Tuberculosis is a chronic infectious, multisystem disorder and is affecting millions globally. ATT used under DOTS has hepatotoxic potential. Silymarin, an indigenous herb is used in various traditional formulations for treating hepatic disorders. So the present study was conducted to evaluate the effect of silymarin on hepatic functions in tubercular patients receiving DOTS.
Present study was prospective, double-blind, randomized, placebo-controlled. It comprised two groups of 50 tubercular patients each receiving standard therapy DOTS as per category of the patient. One group received silymarin 140 mg thrice daily and second group received identical placebo as add on therapy to DOTS for 8 weeks. SGOT, SGPT, ALP and serum bilirubin of both the groups were measured at 0 week, 4 weeks, 8 weeks and were analyzed by student's t-test.
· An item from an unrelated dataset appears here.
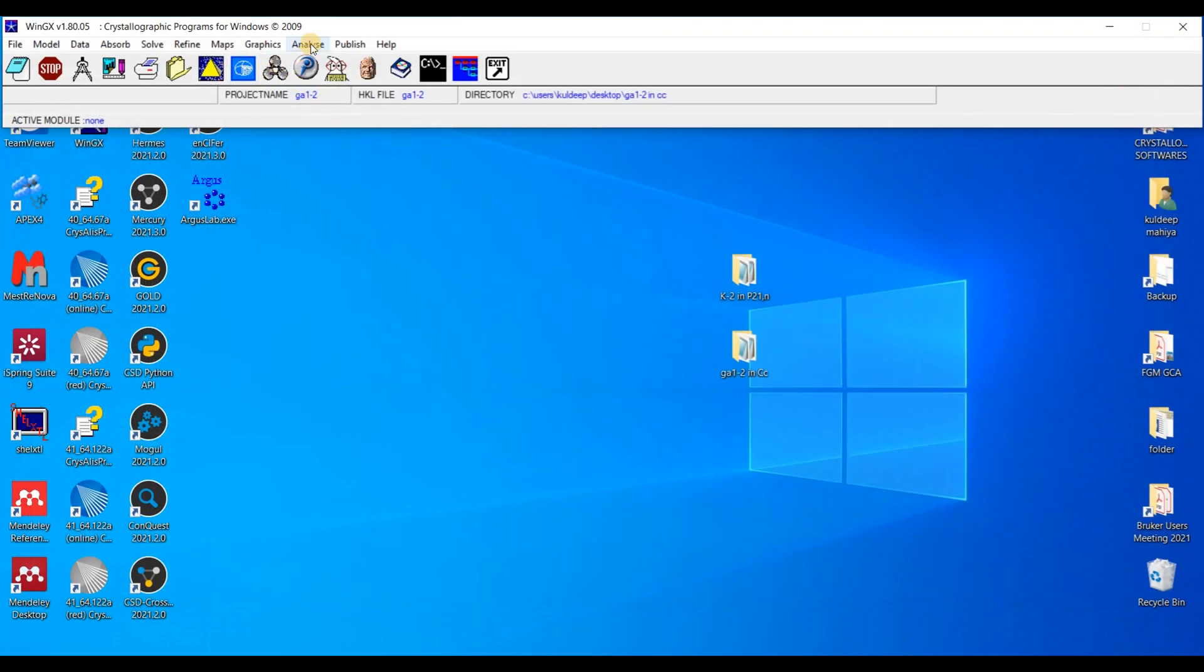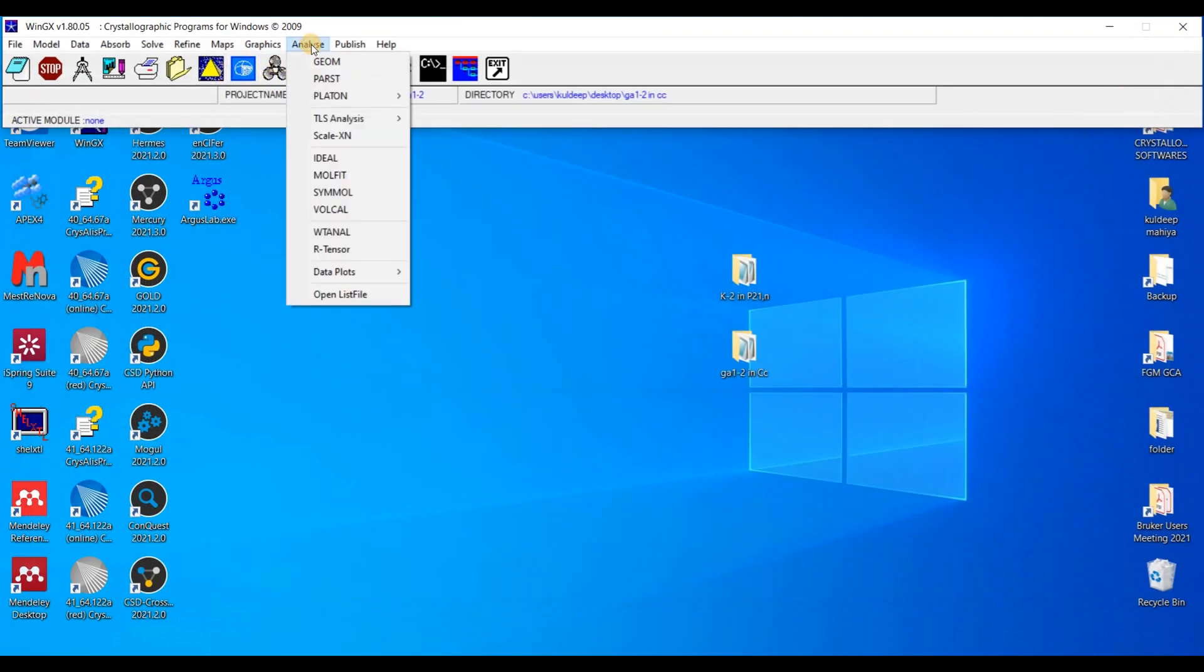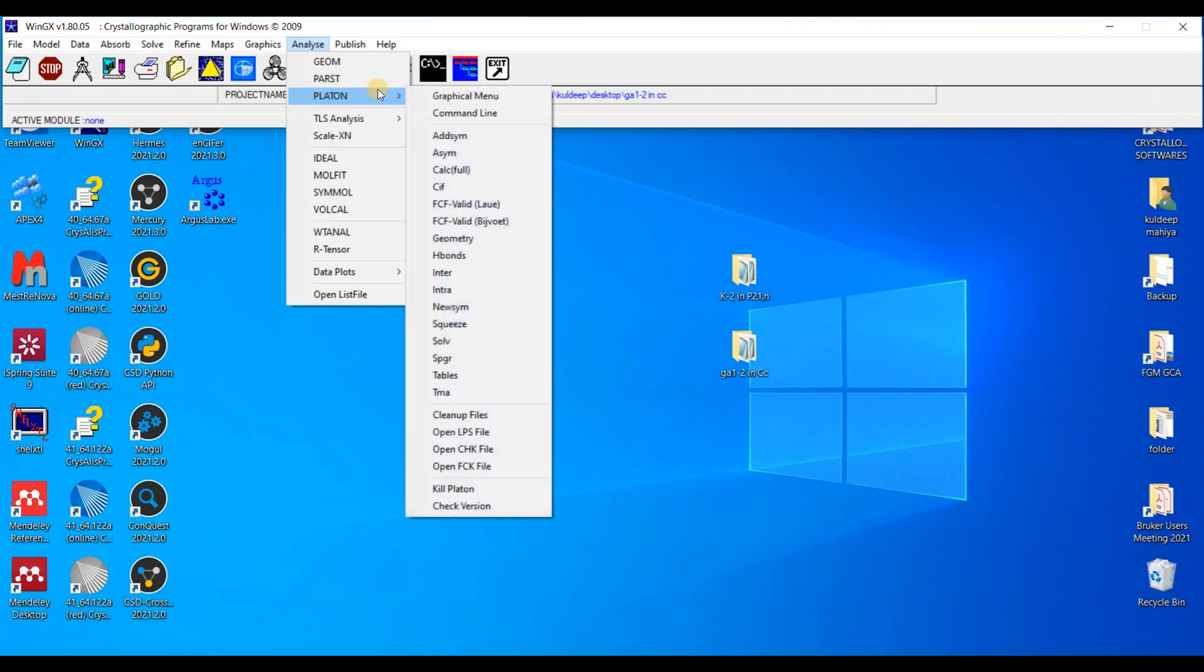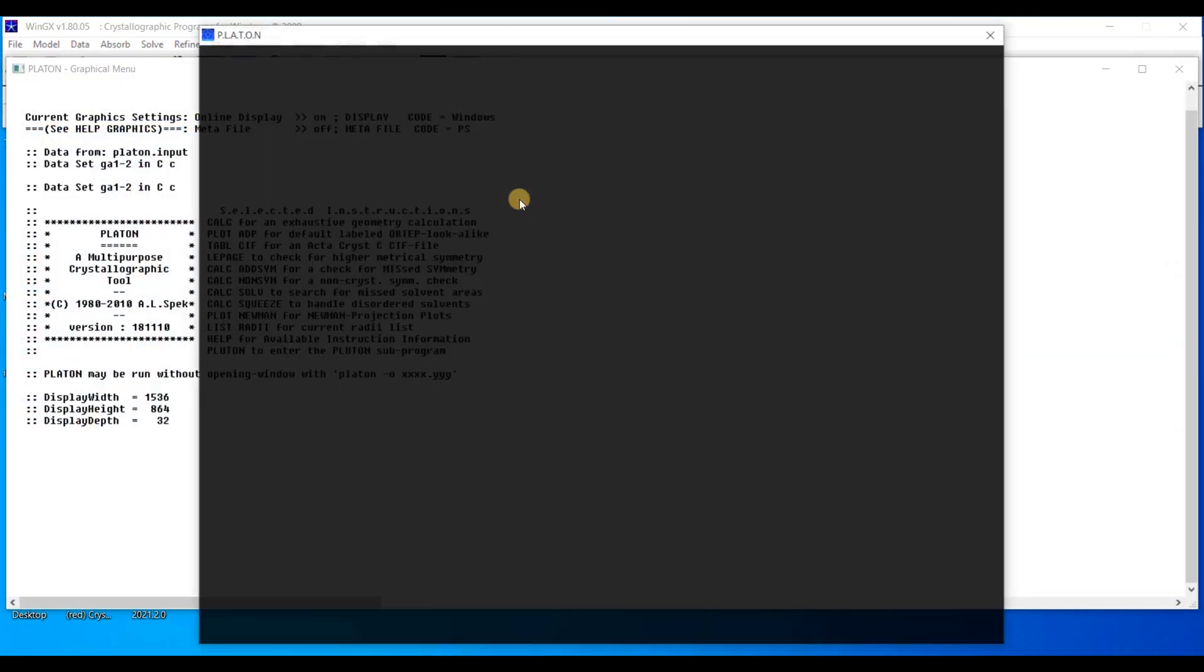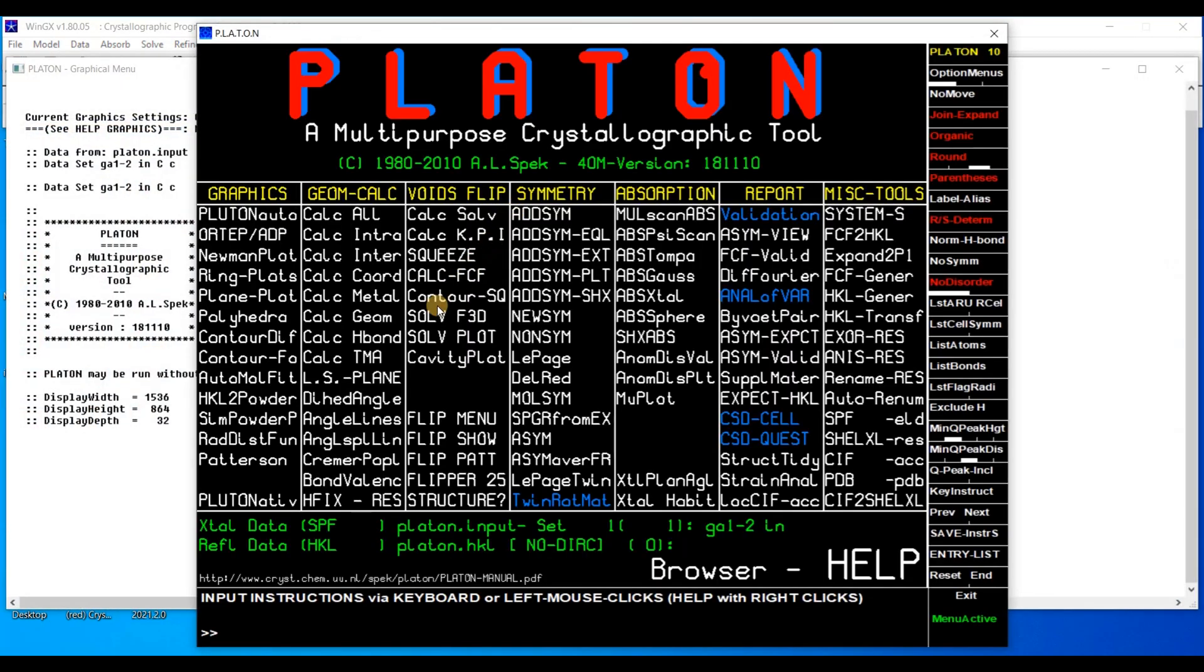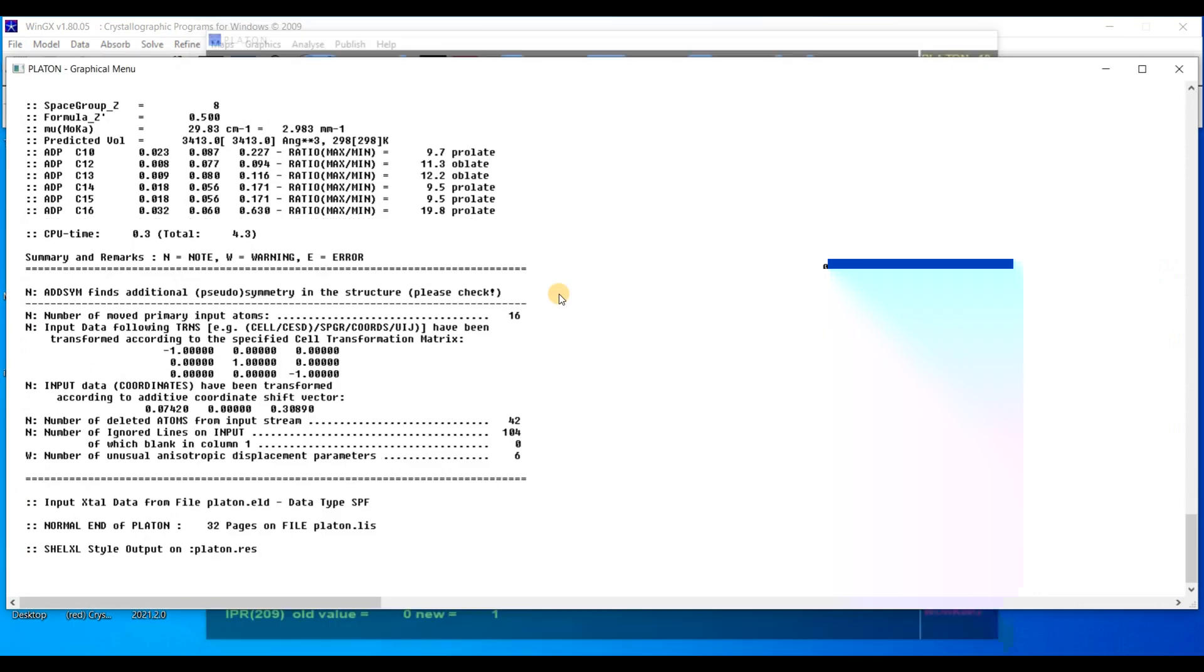Now the R factor is around 6.47%. Let's go to Analyze, Platon, Graphical menu. And again the same tab, AdSym shx. I will press it.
Baseline investigations of SGOT, SGPT, ALP and serum bilirubin in both the groups were comparable ( p > 0.05). Non-significant mean increase in SGOT (7.2%), SGPT (6%), ALP (5.9%) levels and significant mean increase in bilirubin levels (17.4%) was observed in silymarin arm as compared to significant increase in SGOT (25.6%), SGPT (28%), ALP (11.7%) levels and extremely significant mean increase in bilirubin levels (43.6%) in the placebo arm. In the silymarin arm, decrease in SGOT levels was seen in 6% of the patients, decrease in SGPT levels was seen in 4% of the patients and decrease in ALP levels was seen in 6% of the patients from 0 week (baseline values) whereas none of the patients showed decrease in levels from baseline in the placebo arm.
Silymarin has been found to suppress the deterioration in the hepatic functions associated with use of ATT in patients receiving DOTS; and found to be hepatoprotective.
Silymarin can be recommended as an adjuvant to DOTS in tubercular patients since it attenuates the hepatotoxicity caused by ATT.